Imaginez un moment de cinéma rare : un réalisateur froid, mathématique, rencontre un dialoguiste qui sait encore parler aux âmes — et il en sort un chef-d’œuvre.
Pourquoi lire Hofmannsthal aujourd’hui ?
On pourrait croire qu’un écrivain viennois mort en 1929 n’a plus grand-chose à nous dire. Ce serait une erreur. Hofmannsthal parle d’angoisse, d’identité, de l’impossibilité de communiquer — autrement dit, il parle de maintenant. Le problème n’a pas changé : on ne se comprend pas. Même quand on parle. Surtout quand on parle.
Lire Hofmannsthal aujourd’hui, ce n’est pas faire un geste nostalgique ou culturel, c’est ouvrir un miroir qui nous renvoi à nos hésitations, notre vide, nos tentatives bancales de sens. Et puis parfois, c’est beau. Tragiquement et silencieusement beau.
Si vous cherchez un auteur qui ne vous distraira pas, mais qui pourrait bien fissurer votre calme apparent — Hofmannsthal est là, posé comme une lettre qu’on aurait oubliée d’ouvrir.

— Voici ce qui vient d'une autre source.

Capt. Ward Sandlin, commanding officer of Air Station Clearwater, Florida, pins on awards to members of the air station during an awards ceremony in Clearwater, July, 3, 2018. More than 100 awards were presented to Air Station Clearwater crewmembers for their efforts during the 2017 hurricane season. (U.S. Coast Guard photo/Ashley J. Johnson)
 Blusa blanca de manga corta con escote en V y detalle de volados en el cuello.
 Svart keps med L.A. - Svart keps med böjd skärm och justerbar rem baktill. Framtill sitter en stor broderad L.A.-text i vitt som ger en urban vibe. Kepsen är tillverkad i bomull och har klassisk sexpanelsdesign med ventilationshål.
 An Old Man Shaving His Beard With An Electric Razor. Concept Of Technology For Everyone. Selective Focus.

Les fleurs sommeillent sur l’arbre
Le lien d’ombre. Poèmes complets
Dans la lourde nuit qui murmure,
Elle boivent, dans un rêve odorant,
L’humidité splendide qui scintille.
Elles boivent la pluie tiède,
Le clair de lune étincelant,
Elles se tendent dans un frisson vers sa lumière
Qu’elles absorbent et qui leur donne le vertige :
Alors elles éclatent en silence
Puis glissent enivrées à travers les airs
Et meurent de plénitude, meurent
À force d’ardeur, d’éclat et de parfum.
Telle fut la nuit des rêves,
La lourde nuit d’amour qui fermente.